September 21, 2008
I've often wondered what the proper reaction is when people show you their new home. There are so many interactions for which I've been socialized, and so many more for which I don't need socialization. An exuberant hug, when your friend tells you she's having a baby girl? Totally natural. That tacit disapproval, reflected only in the eyes and a tight semi-smile, when someone else mentions someone else is marrying someone else as old as her father (when in fact you think it's hypocritical of your to criticize, given how old your ex was)? Affectation.
So to enter someone's home, the beautiful home of a beautiful couple whose every detail you know you'll love even before you set foot in it -- how do you "behave"? Are you aloof and politely enthusiastic, warmer than when an agent shows you a property, but cool enough to avoid seeming callow? (Gushing is so gauche.) Or do you gush? (Sincerity is sweet.) Or do you ask lots of questions -- What an interesting detail in the ledges: Is that the original cabinetry or a reproduction? -- to avoid admitting how infatuated your are? (The refuge of intellect.)
How thin, and how visible, is the line between interest and envy? (An acquaintance of mine, Dan McGinn, goes into some of these questions in a cool book, House Lust.)
As it happens, I saw three Upper West Side apartments today and visibly salivated. Because they're in New York, in such a cool neighborhood. Because they have hardwood floors and tall ceilings and gorgeous art. Because they're not mine.
I also pretended today, for one painful moment, that I was a New Yorker. Texted a friend and suggested we meet on the "UWS" instead of downtown, if it's closer for both of us. As if I'd ever write that acronym naturally, or even think of it. But I noticed it on Craigslist and appropriated it, far too easily. Affectation.

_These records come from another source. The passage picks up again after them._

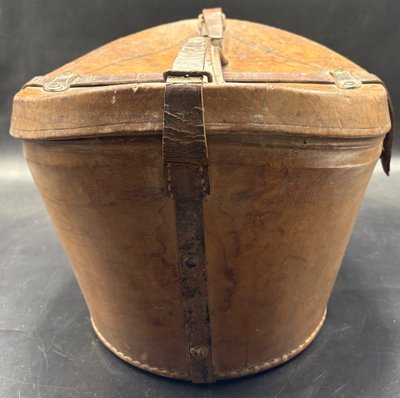 VALIGIA CON CAPPELLO A CILINDRO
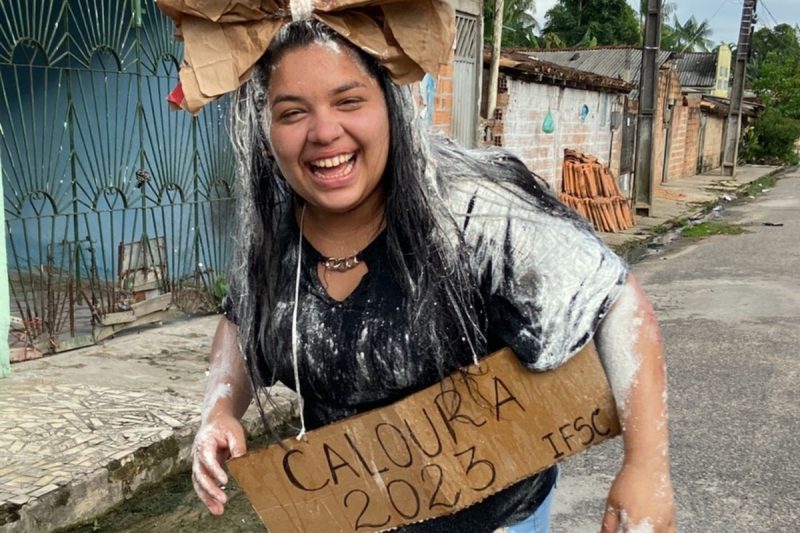 Ayla foi aprovada em terceiro lugar no tecn&oacute;logo de Gest&atilde;o Hospitalar do IFSC – Foto: Ayla Marinho/Arquivo pessoal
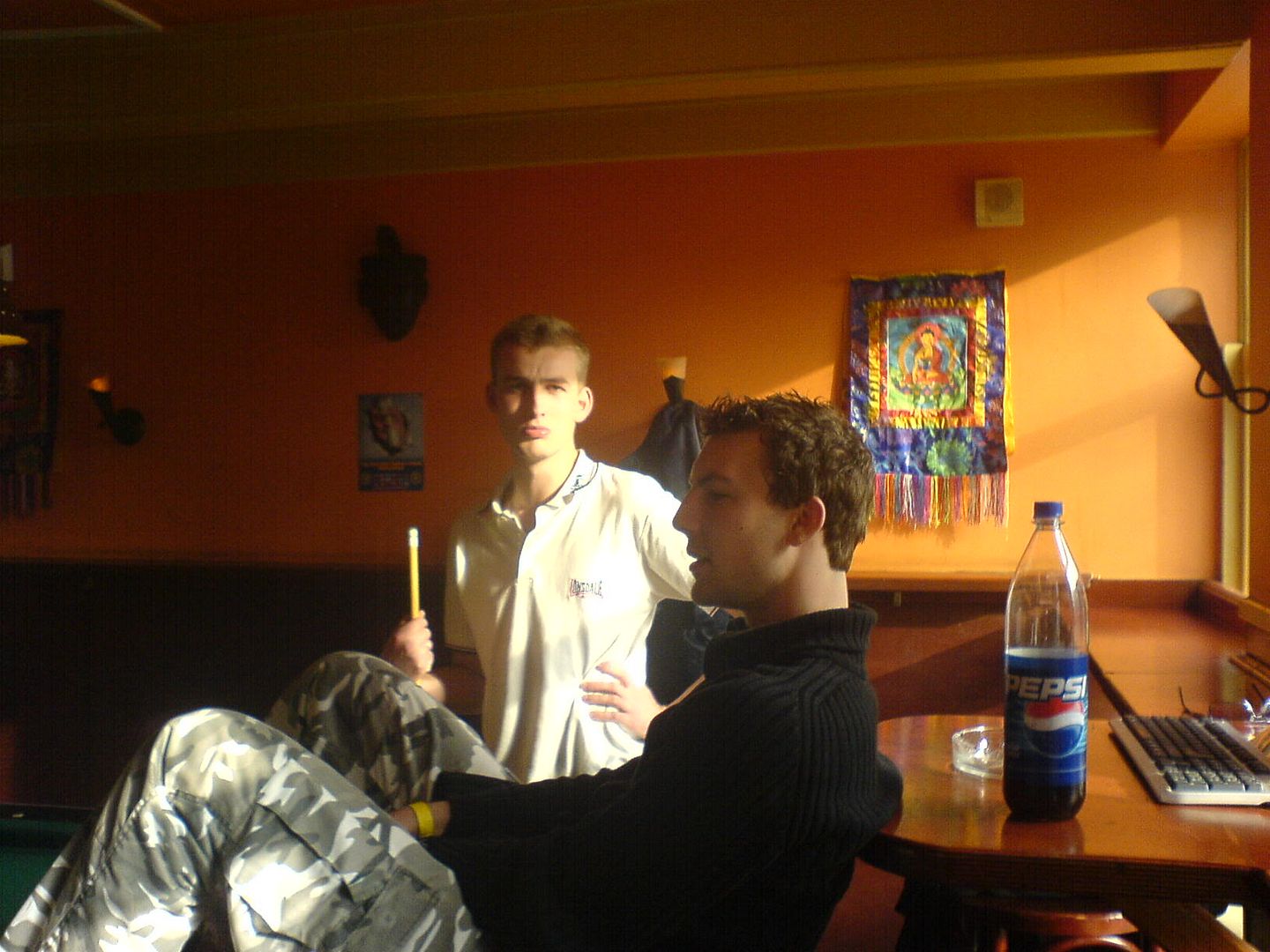 [IMG]http://img.photobucket.com/albums/v693/itsdarklikehell/moh%202006%20brabant%20hallen%20den%20bosch/allekanniettegenznverliesenvraagtaa.jpg[/IMG]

Given the market's tumble, and the turmoil that has finally surfaced in America's most unperturbable city, I imagine people will start asking themselves the same questions, but in the reverse. How to react to misfortune, not joy. You lost your job? You're still trying to sell that condo? Your retirement went poof? Followed by muted consternation, or noisy and raw despair, or a callous, self-protective follow-up question.
I had grand ambitions for today's asking. I wanted to get a recipe for a Borek, a wonderfully authentic Turkish appetizer I ate at Pascha, but decided the chef would never give it to a random person in the restaurant. I wanted to ask for free dessert, after the hostess moved my friend and me to another table, a cramped corner table, to clear some space for a larger party. Both times, I closed the door myself.
Instead, I did something so routine, it wasn't much of a victory: asked a wine bar to accept my credit card, even though my purchase was under the $15 minimum. Such minimums aren't illegal, but they do go against the merchant agreement for various credit cards (Visa and MC).
"That's fine this time, but please remember for next time," the bartender said. Next time? I nodded. Affectation.
Gained: Convenience of not scrambling to find an ATM and paying annoying fees.